Portrayed as an innocent, Burton quickly becomes disillusioned by the "real" way the development process works, in an atmosphere of corruption and/or bureaucratic inefficiency. Burton witnesses generals, including Partridge, reviewing other inefficient (and eventually cancelled) projects with Secretary of Defence Caspar Weinberger - such as the M247 Sergeant York and the A-12 Avenger II.
Insisting on getting fully up to speed on the Bradley, Burton delves into the mountains of paper documenting the Bradley's development history:
Originally developed as an armored personnel carrier by Colonel Robert L. Smith (Schiff), the Bradley, after being subjected to the changing (and often conflicting) demands of a panel of armchair generals, is transformed into a hybrid of a troop carrier, a scout vehicle, and an anti-tank weapon platform. To make room for the weaponry, its complement of troops is reduced from eleven to six men; and despite its firepower, it has to be made of lightweight aluminum to serve as a scout vehicle. In the incredulous summation of Burton and his assistant, Sgt.
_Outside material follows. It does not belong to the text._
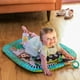 Bright Starts - Giggle Safari™ Tapis d'accessoires - Tapis de bébé et oreiller pour le ventre – image 2 sur 8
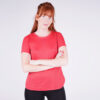 Γυναικείες Μπλούζες Κοντό Μανίκι  adidas Performance HEAT.RDY Γυναικείο T-Shirt (9000045778_43432)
Fanning (Viola Davis), the finished Bradley is "a troop transport that can't carry troops, a reconnaissance vehicle that's too conspicuous to do reconnaissance, and a quasi-tank that has less armor than a snowblower, but has enough ammo to take out half of D.C."
By the time General Partridge is put in charge of the project, the Bradley has been in development for seventeen (17) years, at a cost of $14 billion.
In attempting to meet the demands of his superiors, Smith has labored for eleven years without promotion or advancement; when the Bradley is finally approved, he gets his long-awaited promotion to Brigadier General. Smith is a living example of how difficult, if not impossible, it is to develop weapons in an above-board manner; now, as he acerbically explains to Colonel Burton, since completing weapons is the only path to promotion, or lucrative positions in the private sector, the majority of the Pentagon's officials prefer to fake test results, and pass defective weapons and equipment on to the troops in the field.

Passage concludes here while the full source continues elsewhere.